** Opening Data block **
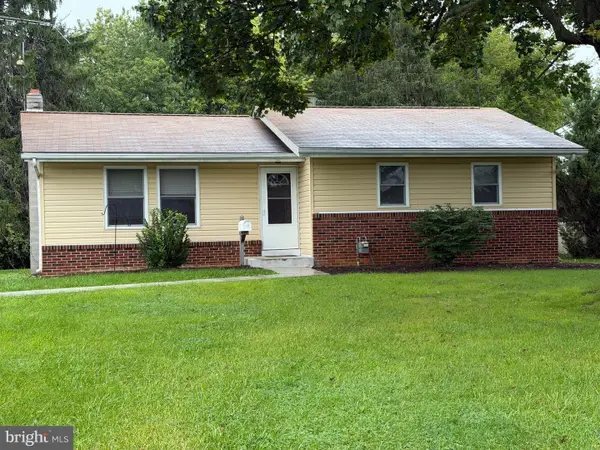 1106 Circle Dr, MARTINSBURG, WV 25401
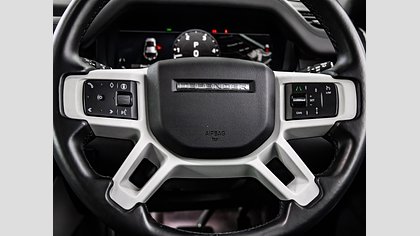 Defender 110 11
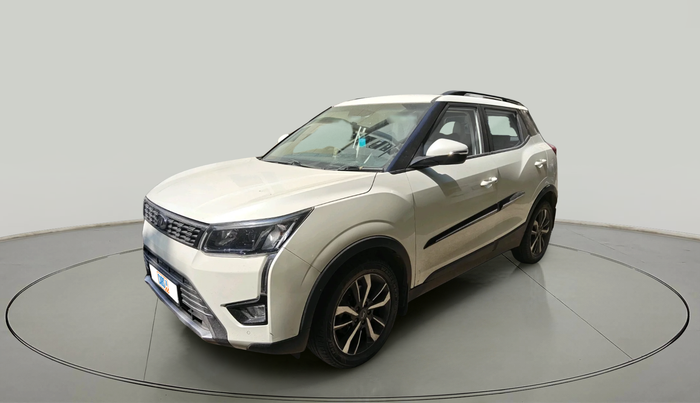 2021 Mahindra XUV300 W8 (O) 1.2 PETROL, Petrol, Manual, 20,229 km, exterior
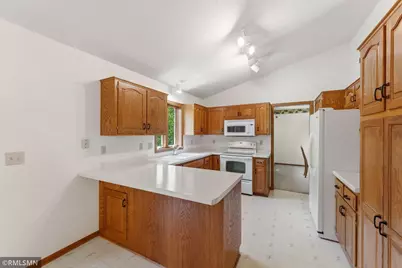 13500 Judicial Road, Burnsville, MN 55337 - Photo 12
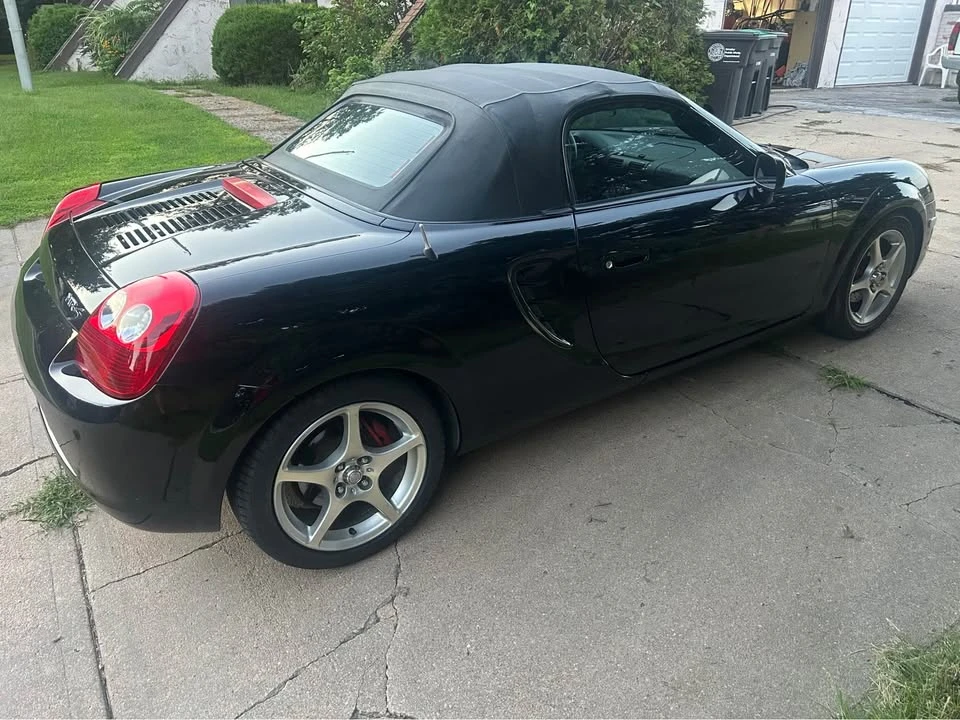 2003 Toyota MR2 Spyder/MR-S - Image 17 of 20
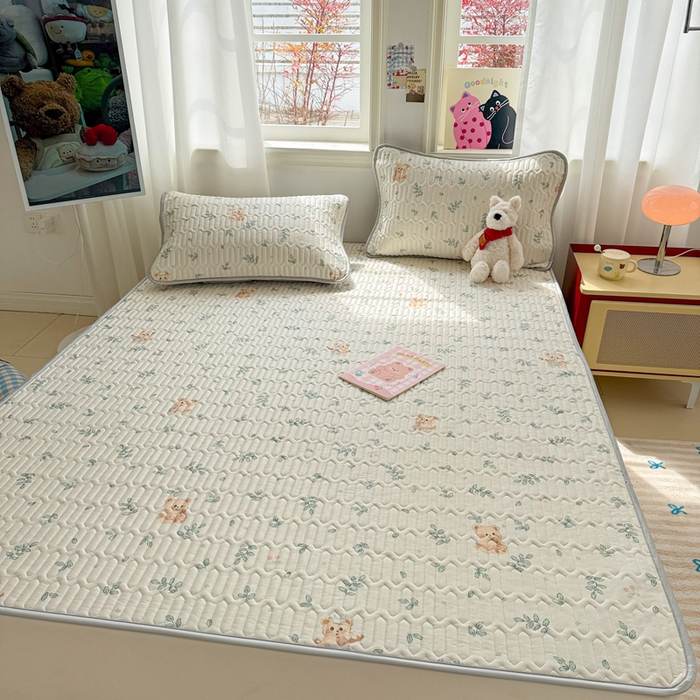 91家纺网 家纺一手货源 找家纺 慕尚家纺 2025新款小清新凉感丝乳胶席 邻家小熊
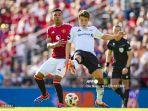 Casemiro-vs-Sverre-Nypan-di-laga-persahabatan-Rosenborg-vs-Manchester-United.jpg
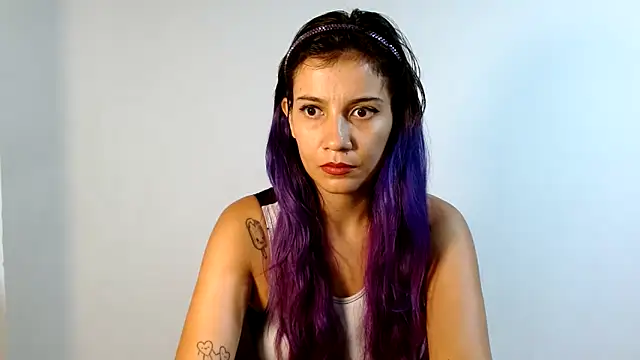 Snapshot of kitty__horny chatting on 02-20-25, 12:04 kitty horny online show from 02-20-25, 12:04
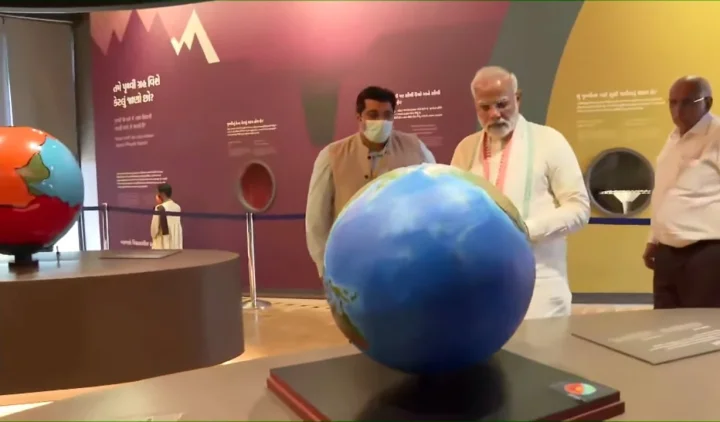 PM shared a video of the rise of Kutch after the earthquake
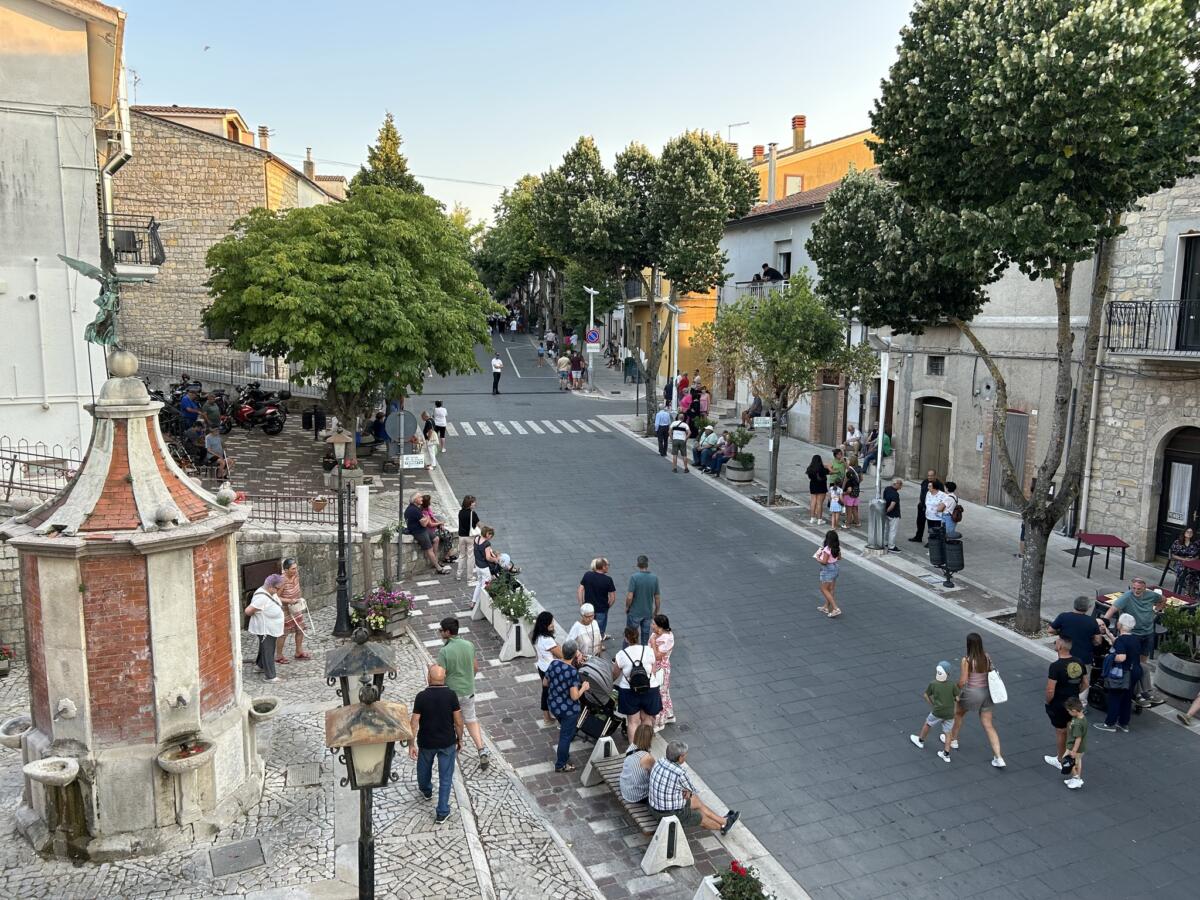 Galleria foto 'Orsara di Puglia, nel 2025 nati 29 bambini: piccolo record per il Comune. Il sindaco li accoglie' - foto 1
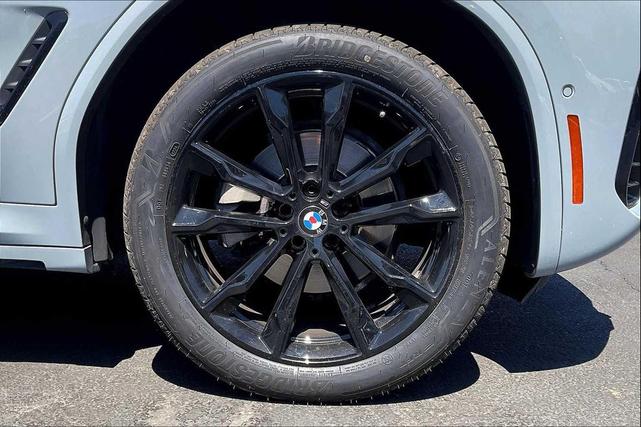 Photo of 2024 Brooklyn Grey Metallic BMW X3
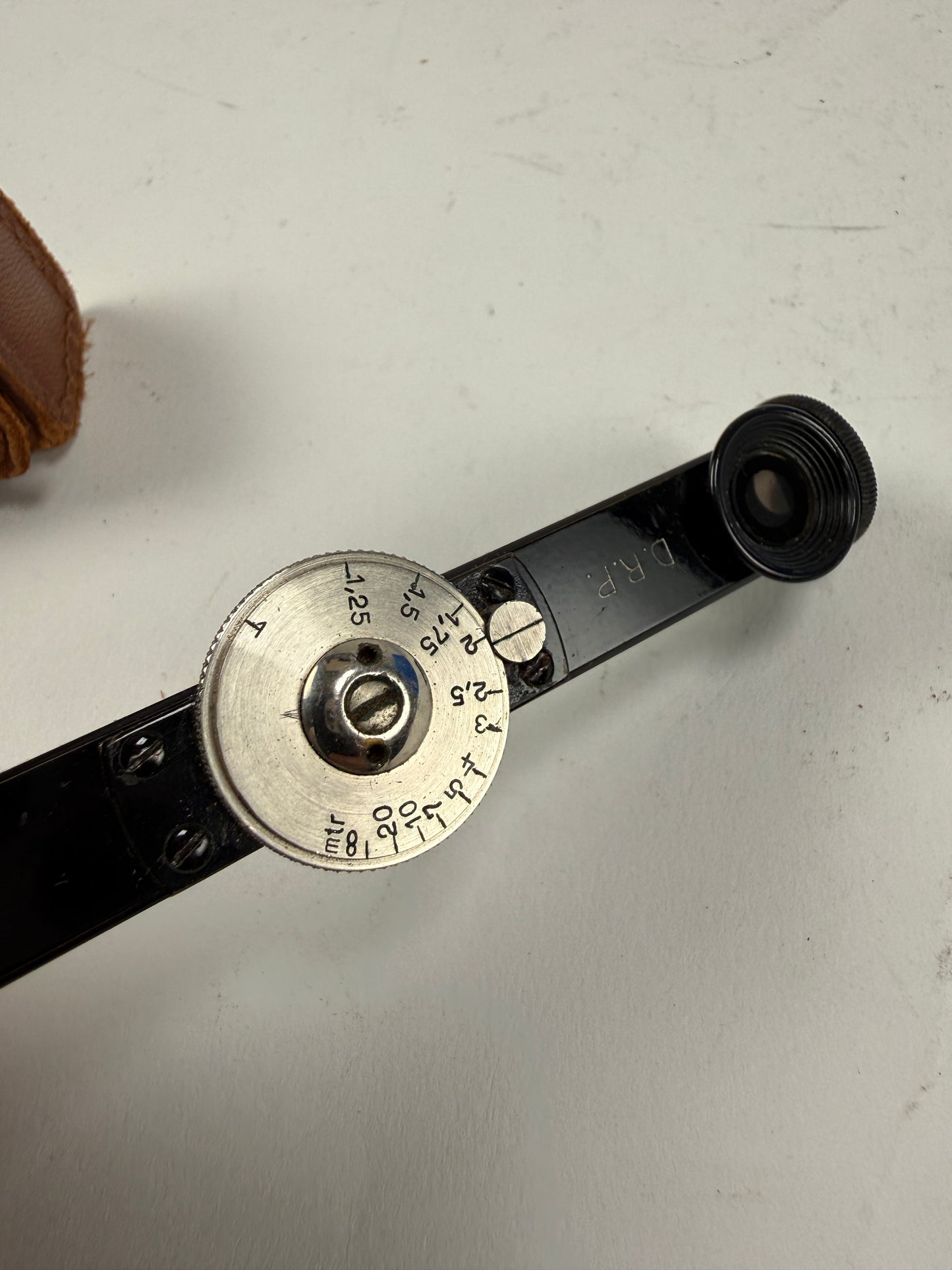 Leica Black paint & Nickle FODIS Rangefinder with case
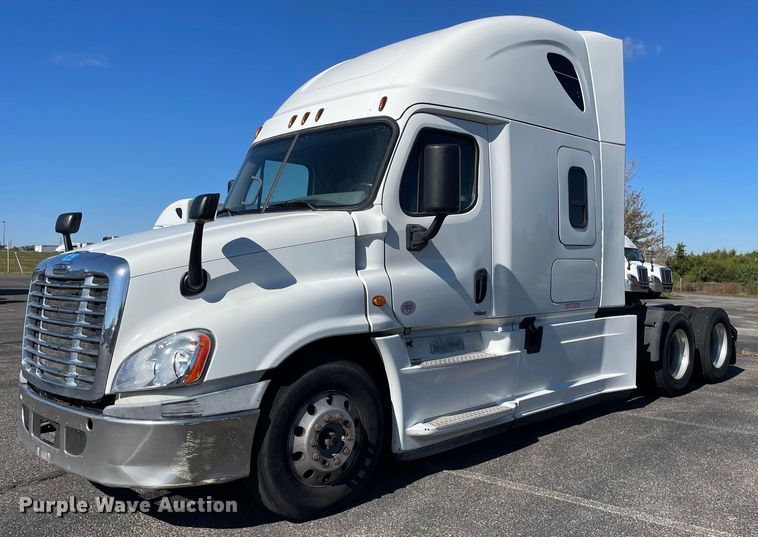 image for item GG9764 2016 Freightliner Cascadia Evolution 125  semi truck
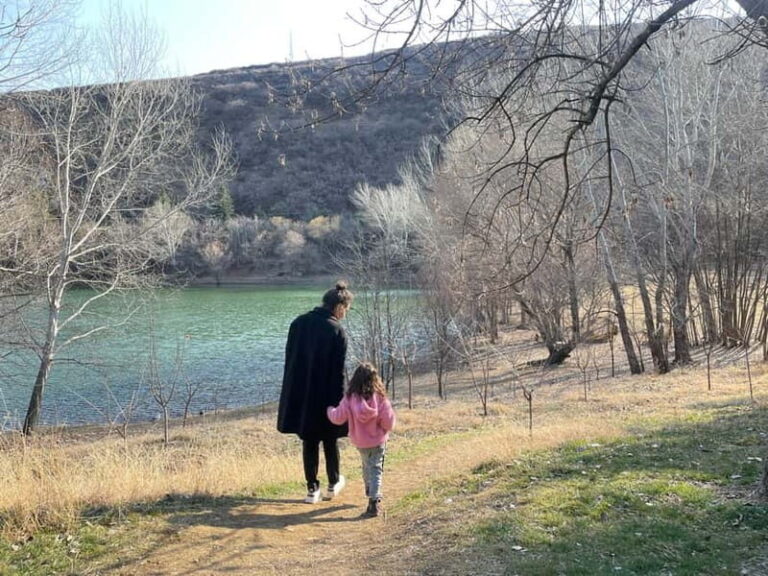Tbilisi: Elegance of Traditional Architecture & Turtle Lake - Transportation and Duration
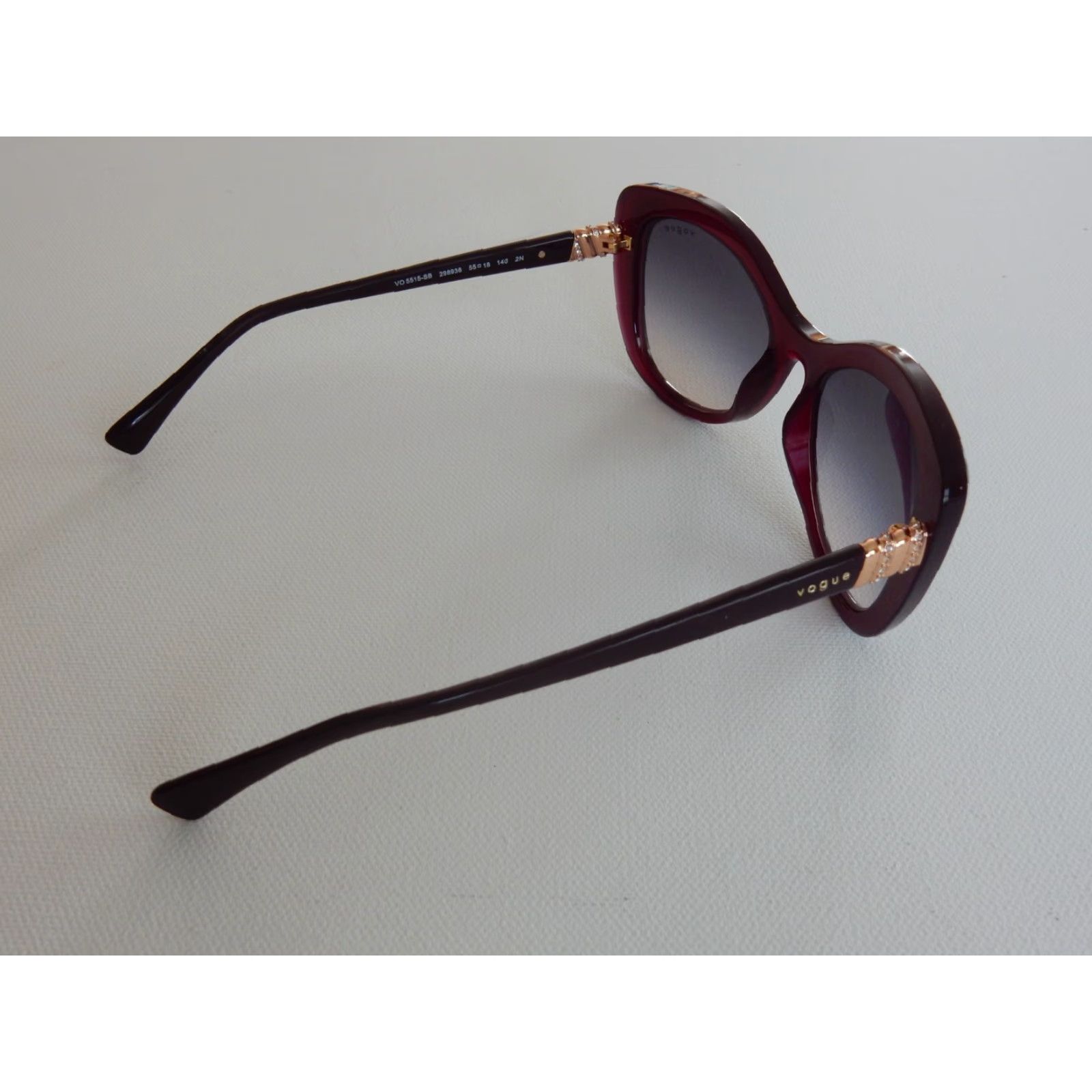 Vogue VOGUE Sunglasses Women Red 55mm UV Protection Glitter Accents 2010s Size ONE SIZE - 3 Thumbnail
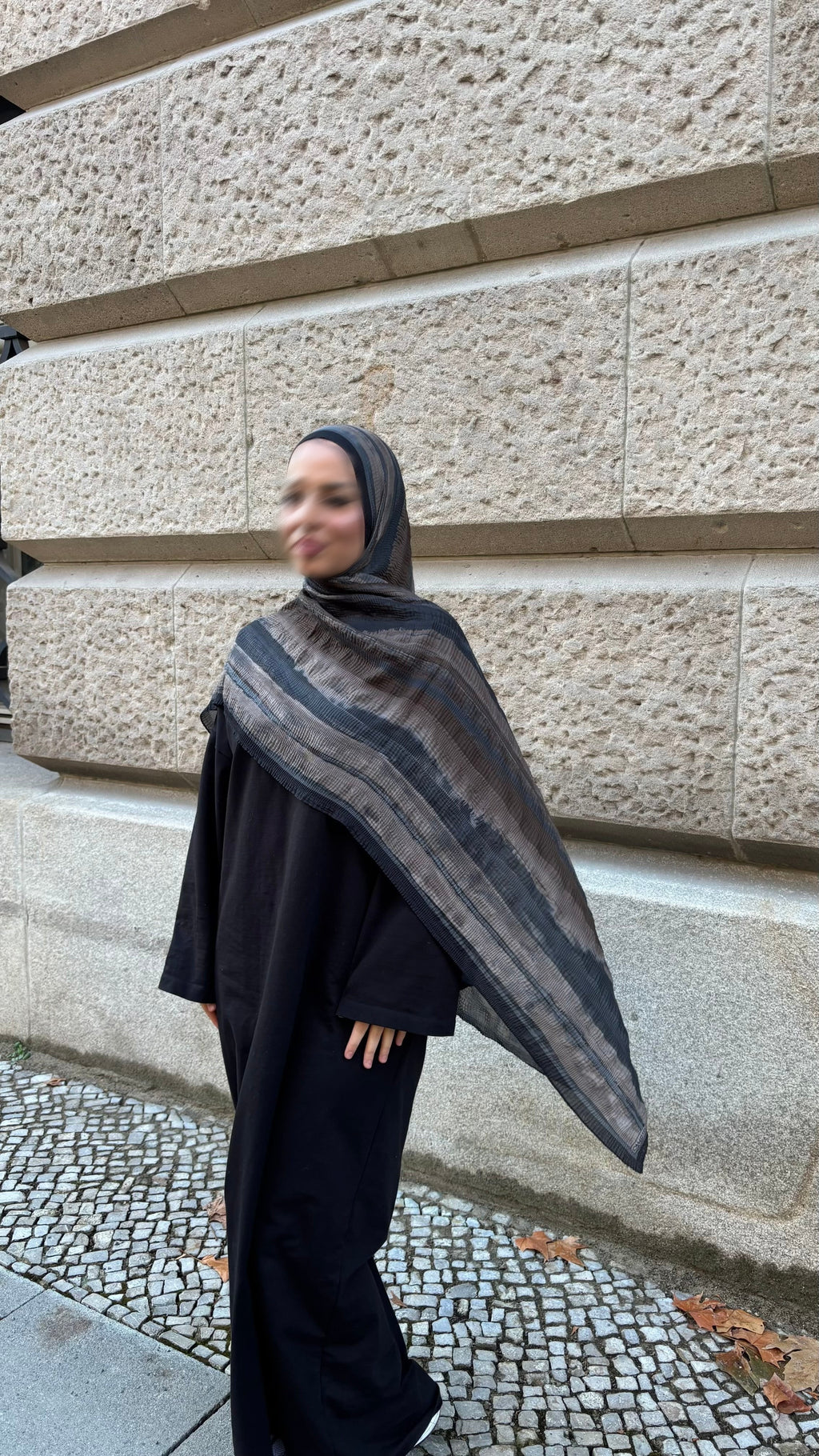 Serena Hijab in Schwarz/Grau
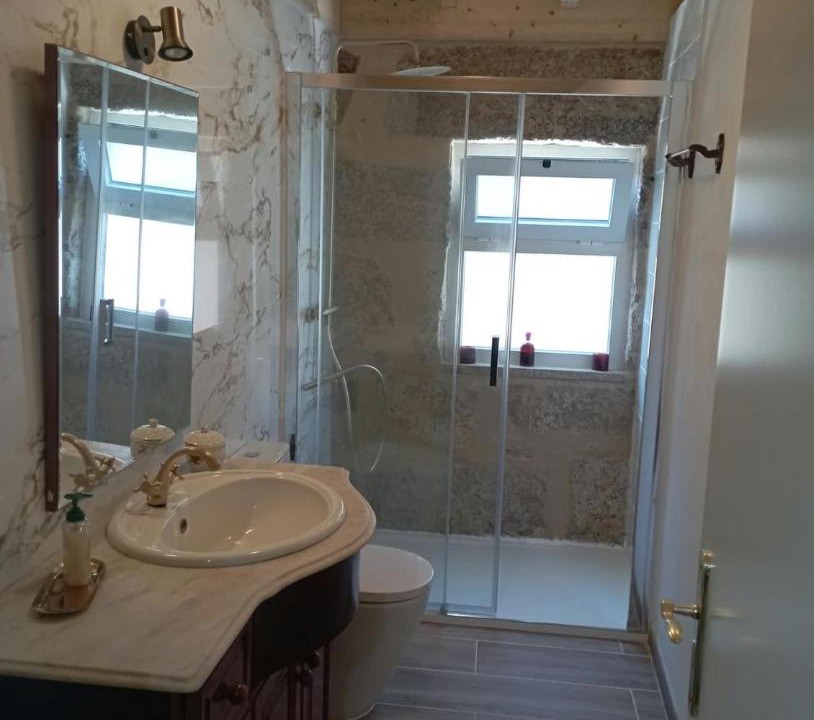 Photo of Bathroom in Favaios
** Closing Data block **
Required work
Where a picture appears in the records above, omit it, and transcribe exactly the stretch of lines from the one with "Defender 110 11" through the one with "PM shared a".

Task response
 Defender 110 11
 2021 Mahindra XUV300 W8 (O) 1.2 PETROL, Petrol, Manual, 20,229 km, exterior
 13500 Judicial Road, Burnsville, MN 55337 - Photo 12
 2003 Toyota MR2 Spyder/MR-S - Image 17 of 20
 91家纺网 家纺一手货源 找家纺 慕尚家纺 2025新款小清新凉感丝乳胶席 邻家小熊
 Casemiro-vs-Sverre-Nypan-di-laga-persahabatan-Rosenborg-vs-Manchester-United.jpg
 Snapshot of kitty__horny chatting on 02-20-25, 12:04 kitty horny online show from 02-20-25, 12:04
 PM shared a video of the rise of Kutch after the earthquake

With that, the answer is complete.